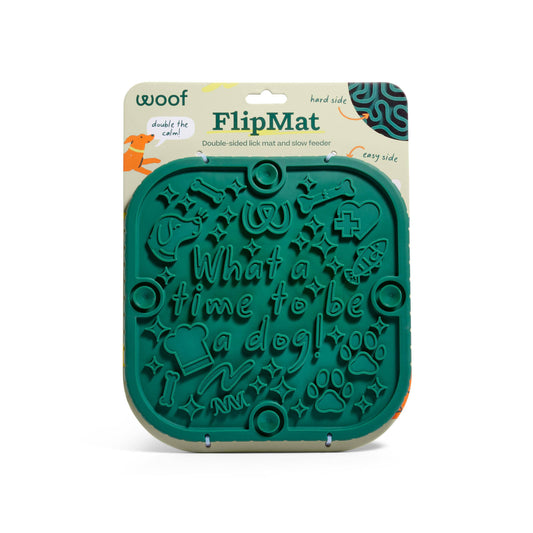 Woof Flipmat Interactive Treat Dispensing Dog Toy, Green, Large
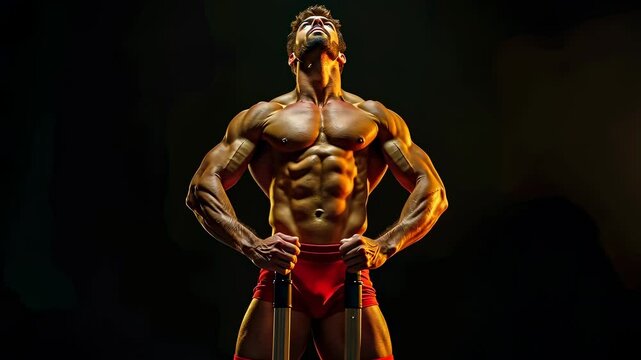 Muscles big, strength training, fitness goals. Muscle growth. Muscular endurance increases with practice. Regular workouts improve strength capacity. Healthy lifestyle enhances body performance.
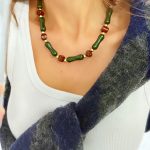 Vip Yeşil Kahve Tasarım Kemik Kolye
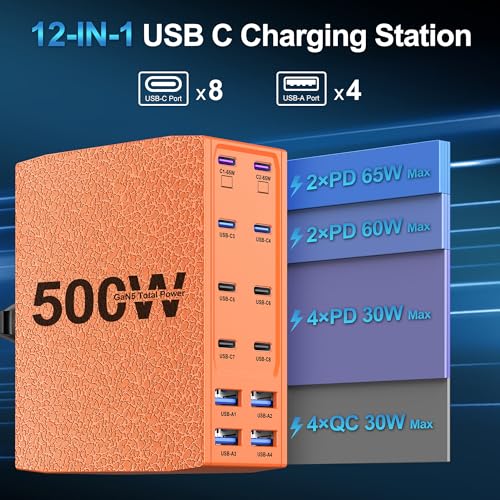 Image of 500W USB C Charger Block, 12-Port USB C Charging Station for Multiple Devices, Leather Texture Dual PD 65W Laptop Fast Charger Compatible with MacBook Pro /Air, iPad, iPhone,Galaxy and More,Orange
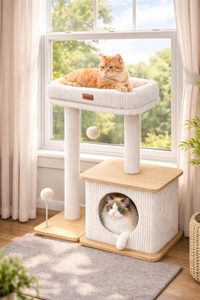 Arbre à <span class=keywords><strong>chat</strong></span> moderne, durable et élégant, conçu pour les chats d'intérieur, parfaitement conçu dans le style loft <span class=keywords><strong>nordique</strong></span>, tour à <span class=keywords><strong>chat</strong></span> en bois - Product Image 5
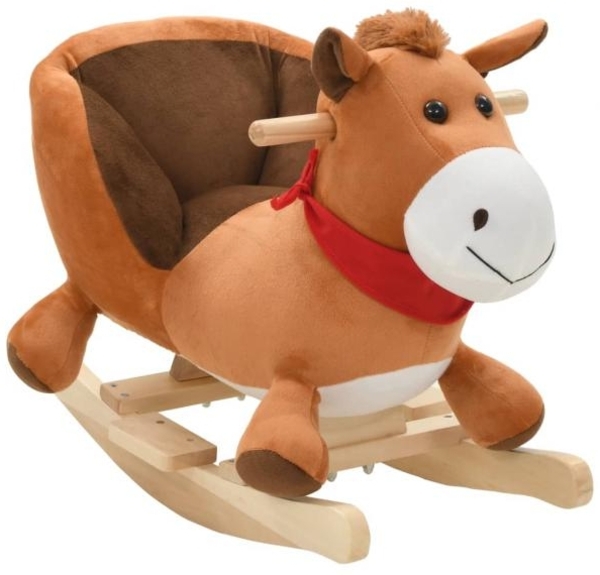 vidaXL Schaukeltier Pferd mit Rückenlehne Plüsch 60x32x50 cm Braun 80221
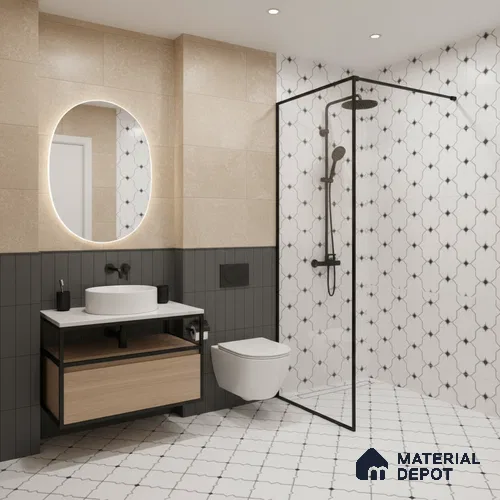 Moroccan Floor & Wall Tile TL 07626 Monochrome Lattice 1 ft x 1 ft Matte Finish Vitrified Tile - 9 mm | Suitable For Bathroom, Kitchen, Dining Area | Please Expect a Slight Variation of Pattern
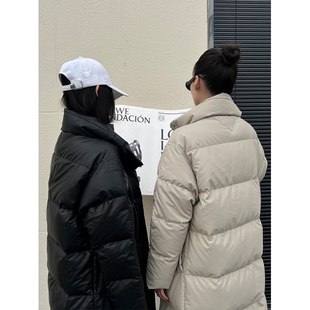 PAPERLLLPU皮黑色长款立领羽绒服女款2025年新款时尚洋气冬季外套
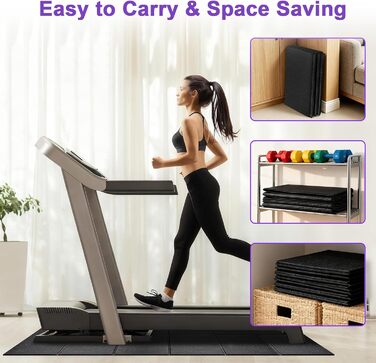 Килимок під бігову доріжку та велотренажер, захисний підкладник для фітнес-обладнання, 148×61 см, посилений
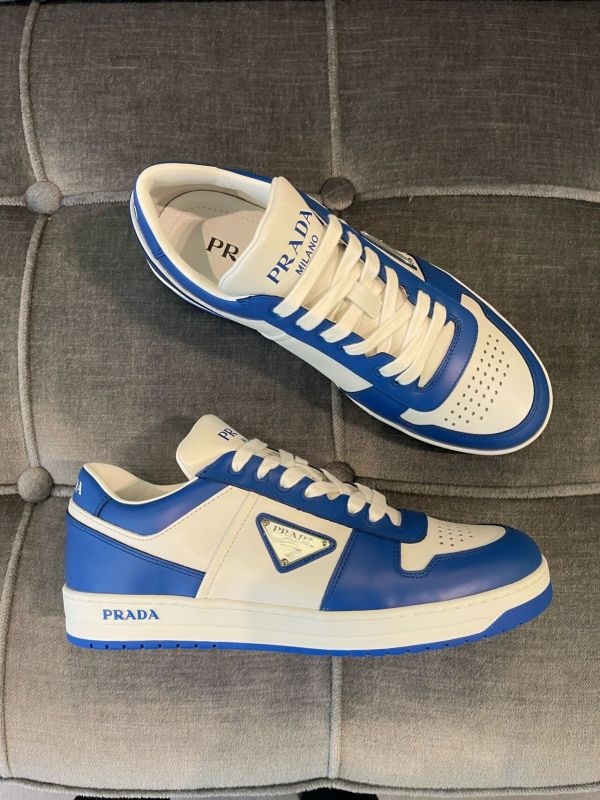 スニーカー Prada Downtown Leather Sneakers White Cobalt Blue Prada Downtown Leather Sneakers In White,cobalt Blue | ModeSens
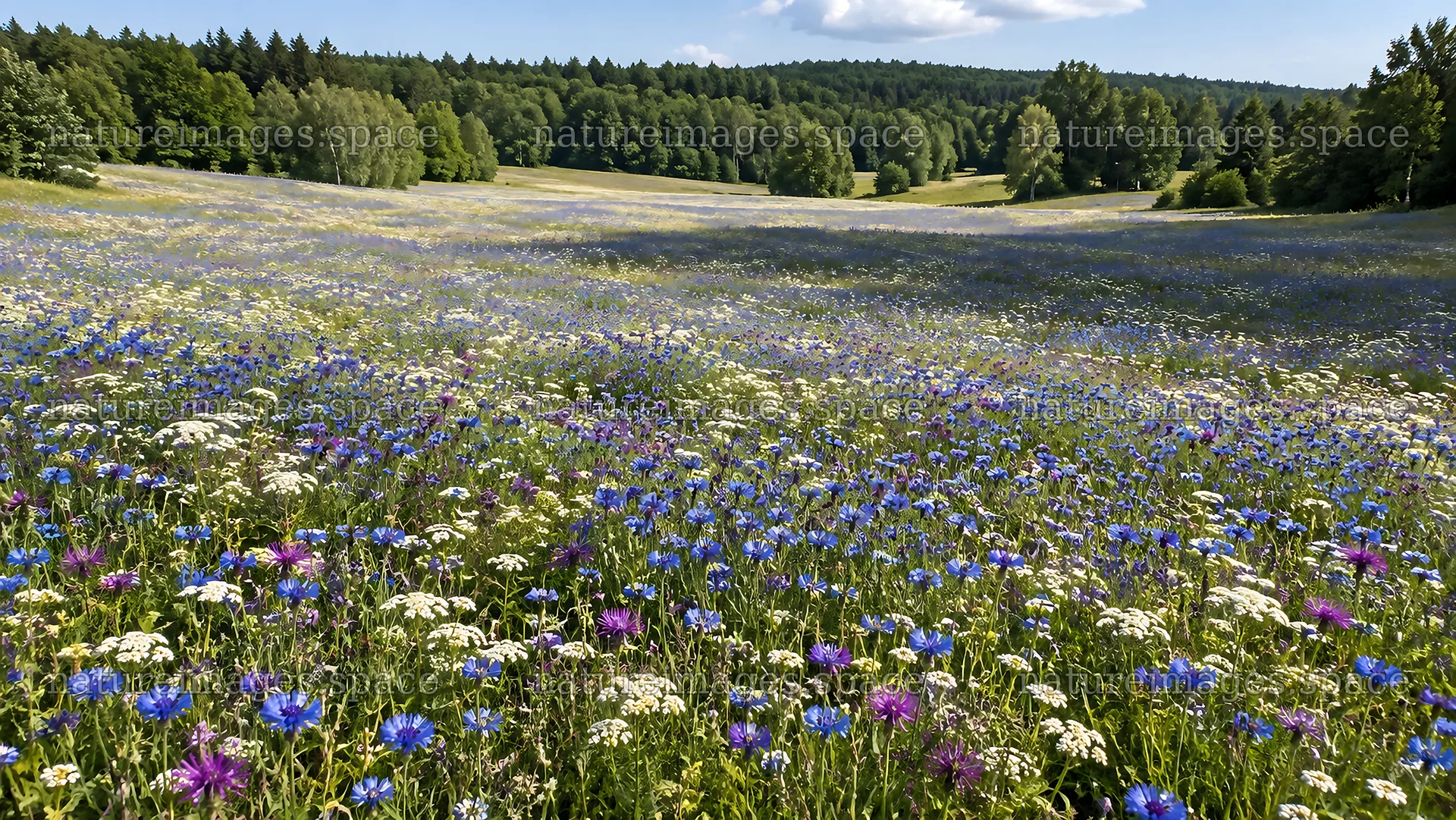 Wildflower Meadow in a Forest Clearing – nature images 10324x5812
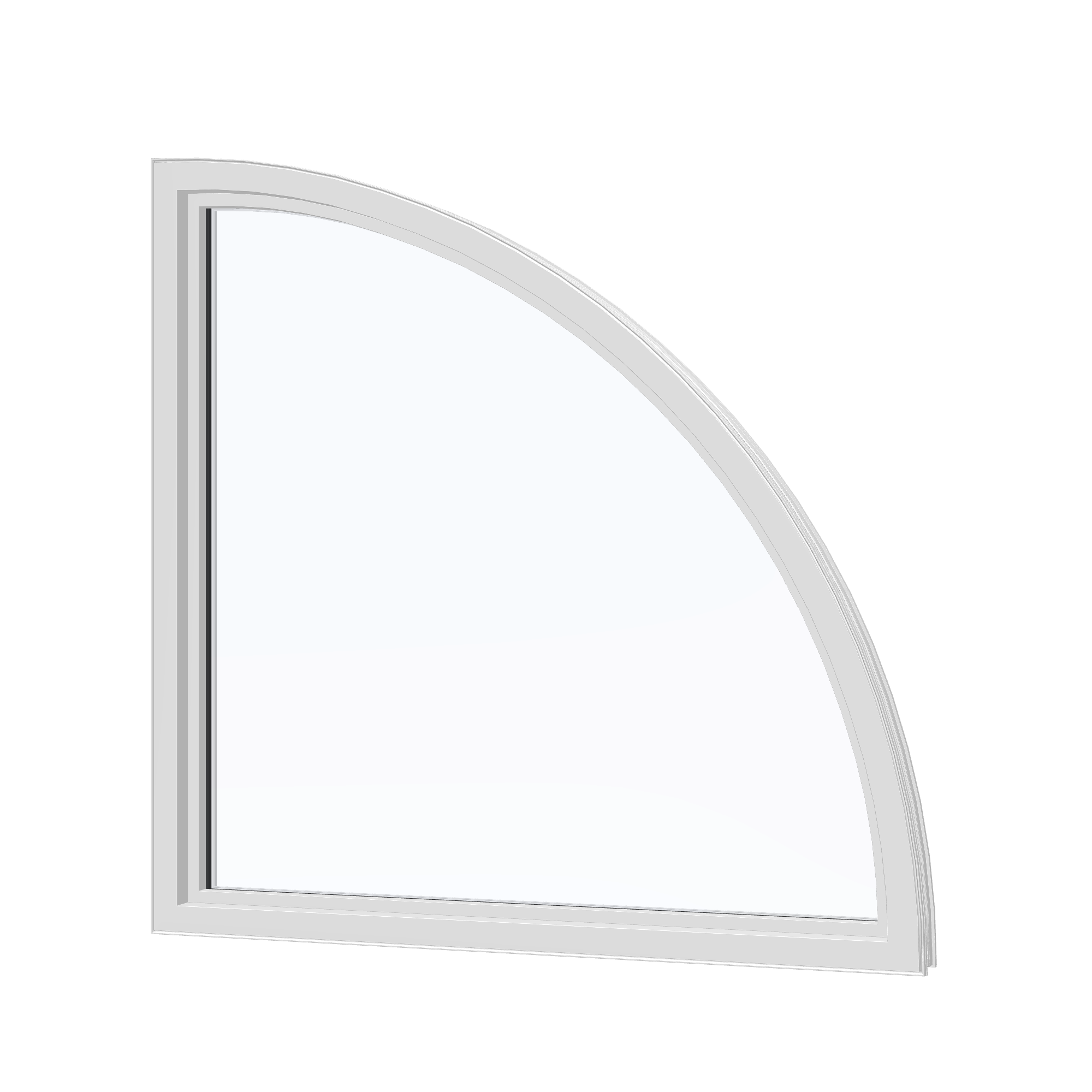 Angled interior view of the 36 × 36 inch quarter round (left), white exterior / white interior, without nailing flange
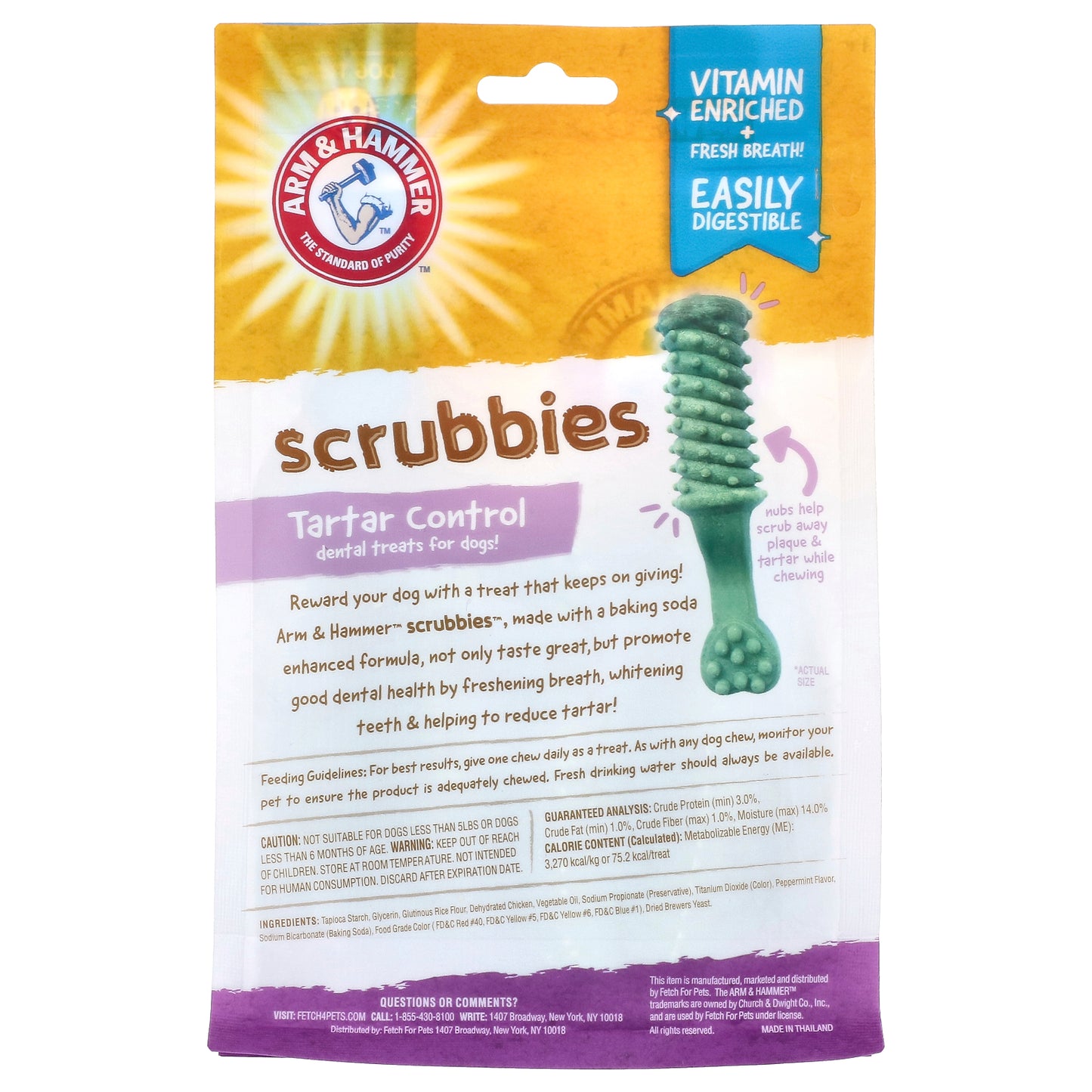 Arm & Hammer, Scrubbies, Tartar Control Dental Treats For Dogs, Medium, Mint, 8 Pieces, 6.5 oz (184 g)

○ ○ ○ ○ ○ ○ ○

GOAL OF THE EXERCISE – Here the job is to copy the listing above word for word, starting at the line with "PAPERLLLPU皮黑色长款立领羽绒服女款2025年新款时尚洋气冬季外套" and ending at the line with "スニーカー Prada Downtown", and to leave out the pictures.

ANSWER TO THIS TASK –
 PAPERLLLPU皮黑色长款立领羽绒服女款2025年新款时尚洋气冬季外套
 Килимок під бігову доріжку та велотренажер, захисний підкладник для фітнес-обладнання, 148×61 см, посилений
 スニーカー Prada Downtown Leather Sneakers White Cobalt Blue Prada Downtown Leather Sneakers In White,cobalt Blue | ModeSens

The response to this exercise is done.